I have a basic problem with the test. Its not just this test but basically a lot other tests. That there seems to be an inwards behavior and an outwards behavior. My thoughts are basically in correlation with The Johari Window where you have a known self but not known to others (here inwards self) and a known self that is also known to others (the outwards self). Basically if I use myself as an example I have an outwards apperance of 9w8 and an inwards self of 5w6. This problem seems to be something that I have seen in many that have a hard time figuring out their motive for as an example why and how they do things. That these processes hinders them coming to a certain conclusion of what personality they are. Even for myself. And that seems to be a basic problem that I have not with my knowledge of enneagram - which might not be much - have seen adressed.


----------



## mcgooglian (Nov 12, 2008)

I seem to go through phases around people and my outward appearance. At first, I seem all sweet and innocent so I'd say 9w1 at first (especially around people with some kind of authority so I can get away with stuff and get free stuff without even trying). Once I start feeling more comfortable around people, I go back and forth between 7w8 and 9w8. In smaller groups, the 7w8 shows big time and I can be seen as the quiet yet crazy member of the group who doesn't seem to have boundaries with the things I do. Some people would definitely see me as a 7w8 though on the inside, I'm definitely a 9w8.


----------



## TurranMC (Sep 15, 2009)

First off thanks for that Johari window link, that is a very interesting way to to try to understand people.

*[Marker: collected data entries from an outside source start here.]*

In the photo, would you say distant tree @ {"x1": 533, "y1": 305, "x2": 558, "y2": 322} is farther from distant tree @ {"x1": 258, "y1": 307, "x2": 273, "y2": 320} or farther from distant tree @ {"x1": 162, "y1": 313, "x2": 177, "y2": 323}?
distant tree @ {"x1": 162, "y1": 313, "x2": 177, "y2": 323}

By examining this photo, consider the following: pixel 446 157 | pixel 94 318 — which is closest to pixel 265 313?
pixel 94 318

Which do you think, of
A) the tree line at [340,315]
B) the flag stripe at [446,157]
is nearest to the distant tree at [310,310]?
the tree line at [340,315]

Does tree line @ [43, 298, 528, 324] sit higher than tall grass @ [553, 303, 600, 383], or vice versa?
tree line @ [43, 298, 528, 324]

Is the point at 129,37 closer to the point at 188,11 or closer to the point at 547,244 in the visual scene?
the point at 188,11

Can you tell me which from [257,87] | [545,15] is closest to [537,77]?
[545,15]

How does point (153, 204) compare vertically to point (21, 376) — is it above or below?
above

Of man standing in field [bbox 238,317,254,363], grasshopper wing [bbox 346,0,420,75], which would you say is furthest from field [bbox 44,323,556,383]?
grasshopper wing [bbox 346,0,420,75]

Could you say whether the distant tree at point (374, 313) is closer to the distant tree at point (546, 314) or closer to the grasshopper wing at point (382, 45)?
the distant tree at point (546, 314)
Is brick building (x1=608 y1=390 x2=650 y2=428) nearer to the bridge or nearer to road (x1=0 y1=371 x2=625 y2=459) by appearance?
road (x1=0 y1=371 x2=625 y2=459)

Anywho this is really the problem with any type of personality test and typing people in general. There are so many things that are not only hidden from others, but can be hidden from oneself. If our true selves were always known to ourselves or others than no one would ever be confused about their type. For instance you say you're 5w6 but you may actually be 9w8. There may be parts of yourself you do not realize or acknowledge that he did notice. Its quite troublesome. I try very very hard to view myself objectively and to understand what people think of me, but can I ever truly look at myself in such a way? Can I ever fully *know* myself?


----------



## slowriot (Nov 11, 2008)

TurranMC said:


> First off thanks for that Johari window link, that is a very interesting way to to try to understand people.
> 
> 
> Anywho this is really the problem with any type of personality test and typing people in general. There are so many things that are not only hidden from others, but can be hidden from oneself. If our true selves were always known to ourselves or others than no one would ever be confused about their type. For instance you say you're 5w6 but you may actually be 9w8. There may be parts of yourself you do not realize or acknowledge that he did notice. Its quite troublesome. I try very very hard to view myself objectively and to understand what people think of me, but can I ever truly look at myself in such a way? Can I ever fully *know* myself?

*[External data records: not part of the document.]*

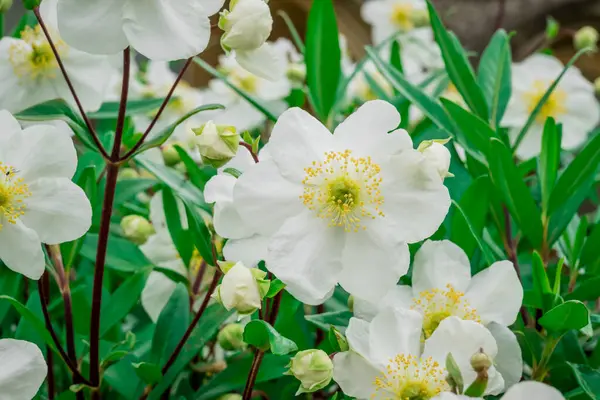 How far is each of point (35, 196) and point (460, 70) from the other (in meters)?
0.36

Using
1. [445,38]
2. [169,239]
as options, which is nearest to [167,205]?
[169,239]

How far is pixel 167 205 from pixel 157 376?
0.15 m

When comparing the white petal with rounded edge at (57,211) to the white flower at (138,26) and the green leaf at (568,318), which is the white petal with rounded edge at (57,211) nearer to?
the white flower at (138,26)

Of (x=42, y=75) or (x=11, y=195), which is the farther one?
(x=42, y=75)


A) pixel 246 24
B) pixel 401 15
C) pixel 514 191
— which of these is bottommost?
pixel 401 15

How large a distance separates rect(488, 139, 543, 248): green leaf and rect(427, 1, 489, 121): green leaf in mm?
116

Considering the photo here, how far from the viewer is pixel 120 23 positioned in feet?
1.29

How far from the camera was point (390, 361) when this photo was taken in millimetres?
385

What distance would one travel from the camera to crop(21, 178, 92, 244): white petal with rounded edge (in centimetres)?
40

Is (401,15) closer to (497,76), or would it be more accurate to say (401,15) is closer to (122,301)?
(497,76)

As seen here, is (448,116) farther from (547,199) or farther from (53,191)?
(53,191)

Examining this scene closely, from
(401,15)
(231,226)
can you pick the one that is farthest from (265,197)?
(401,15)

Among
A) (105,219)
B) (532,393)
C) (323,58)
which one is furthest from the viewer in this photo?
(323,58)

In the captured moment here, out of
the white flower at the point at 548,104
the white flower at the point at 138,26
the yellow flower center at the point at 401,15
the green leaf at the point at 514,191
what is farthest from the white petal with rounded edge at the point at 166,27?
the yellow flower center at the point at 401,15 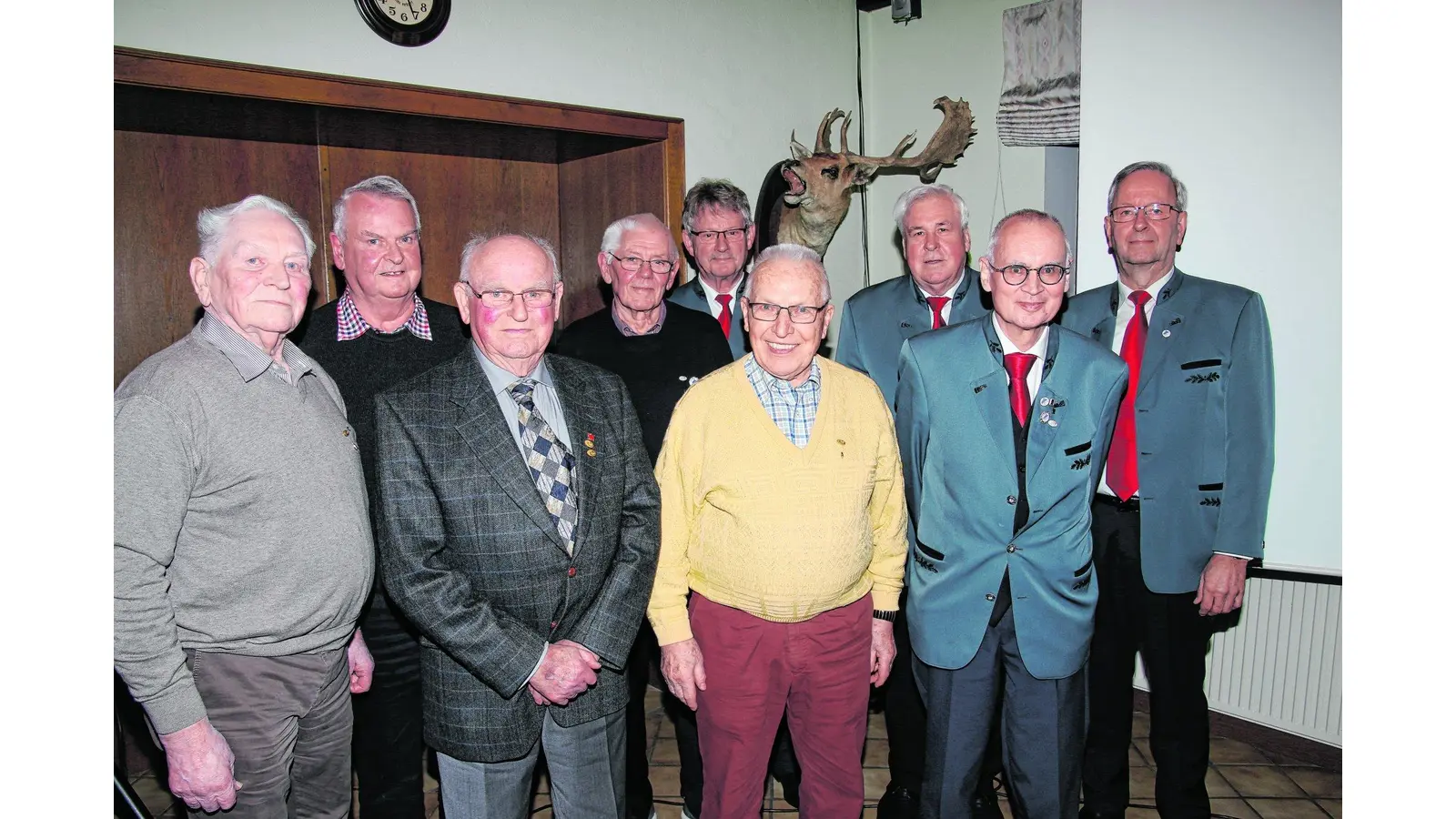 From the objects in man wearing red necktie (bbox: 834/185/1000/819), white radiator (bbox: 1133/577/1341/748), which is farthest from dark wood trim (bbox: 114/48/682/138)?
white radiator (bbox: 1133/577/1341/748)

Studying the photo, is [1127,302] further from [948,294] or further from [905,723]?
[905,723]

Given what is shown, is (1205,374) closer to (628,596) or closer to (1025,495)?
(1025,495)

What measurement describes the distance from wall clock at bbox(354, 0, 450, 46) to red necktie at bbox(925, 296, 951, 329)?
2113 millimetres

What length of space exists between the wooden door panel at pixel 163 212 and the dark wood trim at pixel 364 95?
30.0 inches

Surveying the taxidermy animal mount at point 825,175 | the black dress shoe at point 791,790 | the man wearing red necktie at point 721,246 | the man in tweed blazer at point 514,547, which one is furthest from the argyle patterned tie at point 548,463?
the taxidermy animal mount at point 825,175

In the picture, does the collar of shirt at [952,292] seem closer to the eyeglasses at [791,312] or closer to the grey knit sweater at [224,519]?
the eyeglasses at [791,312]

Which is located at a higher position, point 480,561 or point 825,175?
point 825,175

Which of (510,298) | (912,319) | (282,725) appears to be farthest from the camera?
(912,319)

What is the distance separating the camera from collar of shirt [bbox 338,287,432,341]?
2449mm

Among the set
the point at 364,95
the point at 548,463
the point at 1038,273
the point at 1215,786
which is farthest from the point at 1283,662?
the point at 364,95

exactly, and I was reading up on the enneagram types and the threads Aubrey started and now 5w4 seems more me :laughing: I can see myself as a 9w8, but I feel Im too interested in the inner world of knowledge to be a true 9w8. But I would not consider myself a true intellectual.

And the problem is to find descriptions that are both adressing the inwards self and outwards self, which seems to be something that some descriptions are too generalized to describe.


----------



## Rourk (Feb 17, 2009)

*I can tell you what I see*

The I that is me isn't the I that you see


----------



## slowriot (Nov 11, 2008)

Rourk said:


> The I that is me isn't the I that you see


Yes thats the basic idea, any other thoughts? Or are we just being captain obvious?


----------



## Rourk (Feb 17, 2009)

slowriot said:


> Yes thats the basic idea, any other thoughts? Or are we just being captain obvious?


Touche. :tongue:


----------



## Rourk (Feb 17, 2009)

*Bundle Perception Theory*

What do you make of this? It rings true a lot after I have interactions with others. It seems to me that I dowload aspects of their personality and then I have to delete them. Certain moments in my life have been nothing but sheer terror of non-being. 

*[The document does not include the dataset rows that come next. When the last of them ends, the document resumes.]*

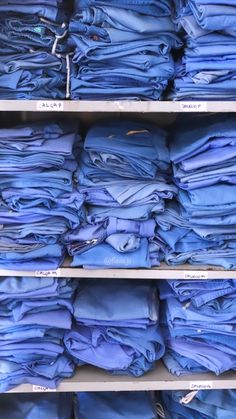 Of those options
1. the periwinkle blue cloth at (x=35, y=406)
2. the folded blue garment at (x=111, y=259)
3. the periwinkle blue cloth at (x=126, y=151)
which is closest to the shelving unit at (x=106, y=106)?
the periwinkle blue cloth at (x=126, y=151)

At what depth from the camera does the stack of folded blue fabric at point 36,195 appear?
1037mm

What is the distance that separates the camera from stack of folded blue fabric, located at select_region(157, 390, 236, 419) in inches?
48.6

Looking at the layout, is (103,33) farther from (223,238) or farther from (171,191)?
(223,238)

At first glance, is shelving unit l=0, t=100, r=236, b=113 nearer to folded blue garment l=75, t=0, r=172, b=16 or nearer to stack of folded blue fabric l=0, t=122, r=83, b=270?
stack of folded blue fabric l=0, t=122, r=83, b=270

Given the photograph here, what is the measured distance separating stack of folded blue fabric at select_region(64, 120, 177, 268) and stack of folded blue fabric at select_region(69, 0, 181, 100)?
0.13 meters

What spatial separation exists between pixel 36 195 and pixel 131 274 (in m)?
0.30

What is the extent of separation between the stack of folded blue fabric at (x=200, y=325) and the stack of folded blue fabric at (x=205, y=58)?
0.47 meters

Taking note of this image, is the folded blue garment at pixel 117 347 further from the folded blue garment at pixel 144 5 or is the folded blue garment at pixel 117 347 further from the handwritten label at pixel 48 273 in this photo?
the folded blue garment at pixel 144 5

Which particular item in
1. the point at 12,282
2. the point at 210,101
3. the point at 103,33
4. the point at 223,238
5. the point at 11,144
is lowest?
the point at 12,282

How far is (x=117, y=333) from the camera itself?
117 cm

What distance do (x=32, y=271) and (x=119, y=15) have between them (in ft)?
2.01

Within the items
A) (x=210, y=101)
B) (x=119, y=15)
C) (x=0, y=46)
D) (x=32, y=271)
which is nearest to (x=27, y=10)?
(x=0, y=46)

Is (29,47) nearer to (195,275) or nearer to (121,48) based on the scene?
(121,48)

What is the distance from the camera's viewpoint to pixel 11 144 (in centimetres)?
103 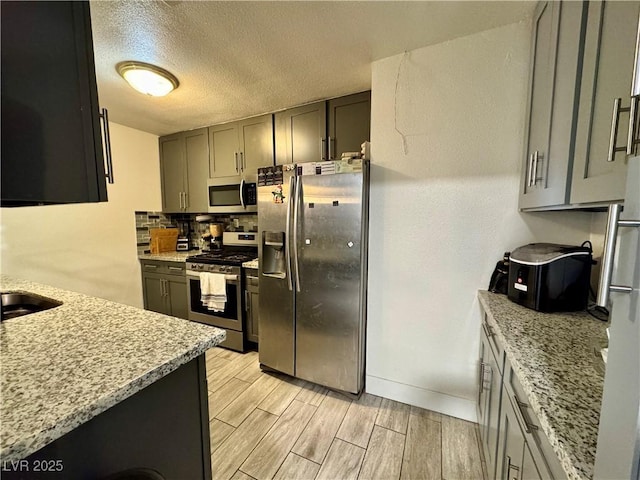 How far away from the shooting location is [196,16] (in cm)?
141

Bundle theory of identity (Hume)


I wonder if this should scare a person though if they don't really exist as a being with an 'identity'. Only more or less as an automation, a machination if you will. Did I get this wrong?

Have you ever noticed while driving on the highway or around town you go into animalistic mode? Writers, scientists have talked about this as the right side of the brain, the meditative state. But I think this is the state of mind that is more true to what is really happening. You can eliminate this illusion called consciousness and break it down to animals interacting.


----------



## Tal (Oct 19, 2009)

slowriot said:


> So I was talking to Grim about enneagram on ventrilo last night and I had some thoughts on it. This idea has some lacking thoughts so Im not saying it is perfect.
> 
> I have a basic problem with the test. Its not just this test but basically a lot other tests. That there seems to be an inwards behavior and an outwards behavior. My thoughts are basically in correlation with The Johari Window where you have a known self but not known to others (here inwards self) and a known self that is also known to others (the outwards self). Basically if I use myself as an example I have an outwards apperance of 9w8 and an inwards self of 5w6. This problem seems to be something that I have seen in many that have a hard time figuring out their motive for as an example why and how they do things. That these processes hinders them coming to a certain conclusion of what personality they are. Even for myself. And that seems to be a basic problem that I have not with my knowledge of enneagram - which might not be much - have seen adressed.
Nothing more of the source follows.